In preschool, elementary and middle school there were the occasional theme days: pajama day, crazy hair day and, of course, Halloween. My son often balked at these, not inclined to go along with the crowd.
To be fair, my son has paid attention to fashion for a while. As a first-grader, he saw an older boy with long hair and said “I want that …” And, from first through eighth grade, he grew his hair out to a very long length. Known as ‘the boy with long hair,’ and often mistaken for a girl, he added to the persona by dedicating a year of his life to wearing only tie-dye. Notoriety followed these fashion choices, and many kids in the school followed suit, growing their hair and mimicking his style. My son played it cool, never seeming to be too headstrong, he remains down-to-earth. His tie-dye shirt collection even drew a nice bid when auctioned off at the school fundraiser.
The hair came off just before high school, and his fashion changed from hippy to hipster with ironic t-shirts, five-panel hats, and loud Van’s skater shoes. Still a leader in the fashion arena, his jeans got skinny and shirts bright and flowery. All of this remains consistent with the gender fluid identity of my son and his friends. “Queer” is de rigueur and it makes sense to dress the part.
So as the new school year approached, our son began gearing up: flowered shirts, short shorts, and ironic tees. We buy all but the most garish garb for him, feeling compelled to clothe our son as we strive to accept and support who he is. A couple of purchases he made from his own funds were dresses. We assumed these were intended as costumes for his avant-garde theater group.
But recently, after describing his first day of sophomore year, he casually announced that on day two he’d be wearing a dress to school.

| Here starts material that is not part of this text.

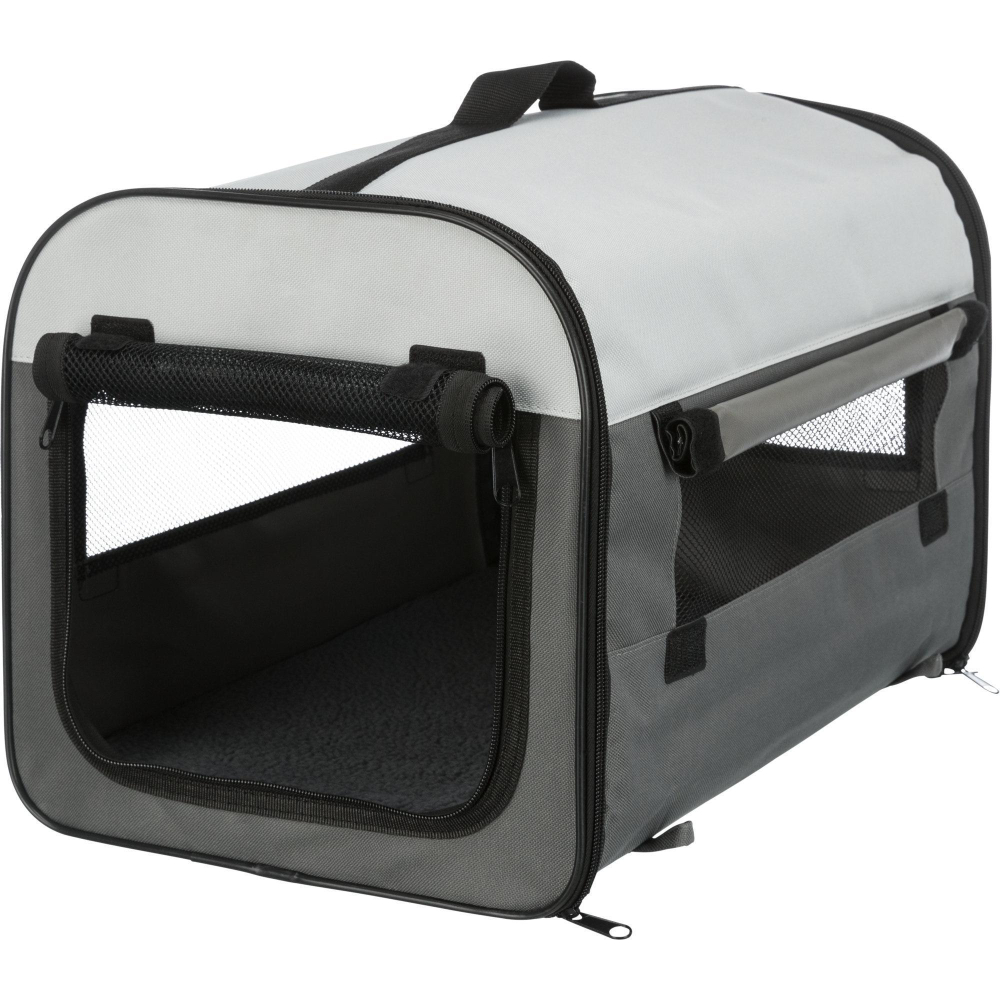 Транспортная будка для собак и кошек Trixie Kennel, размер XS-S, размер 40х40х55см.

His mom and I didn’t miss a beat, merely curious why he waited for the second day. “Doing it on the first day would’ve been such a cliché!” was our son’s response.
So the next morning after a shower, and applying the subtle eye make-up that’s been a daily routine since he appeared in his first stage production last spring, our son donned a dress and packed up his book bag before classes. My son wore a dress.
The blue cotton sundress he chose would be fitting of any teenage girl. Heck, it might actually be something his mom would wear. And he looked pretty darn good in it. I like how it ties behind the neck, and I wondered how he got it on without asking for help. The unfilled bulge at the breast is a bit distracting at first, but overall he looks like a fit young man making a bold fashion choice.
So mu son wore a dress. These are the types of choices he’s making, and as a parent I am strongly compelled to leave well enough alone and let my son navigate his own course. That this path leads through the halls of a big urban school is something he must’ve calculated. That he’ll be in the company of familiar friends, and under the eye of new teachers and administrators, may have figured into his calculations.
When I check my own feelings, I need only recall myself as a high schooler, seeking attention and acceptance. My persona was as a merry prankster (in the Ken Kesey tradition), a yippie letting my freak flag fly with bright clothing and bold public actions. Later, my academic career centered on gender identity development and it seems only fitting that my son is exploring similar territory, and taking it to new places.
“Nice dress” was how I greeted my son this morning.
“Thanks,” he replied.
“I’ll see you after cross country practice, at the back-to-school picnic,” I continued.
“Cool” he said.
And cool he is, with the whole idea of a not-yet-16-year-old boy going to school in a dress. I’m cool with it, too.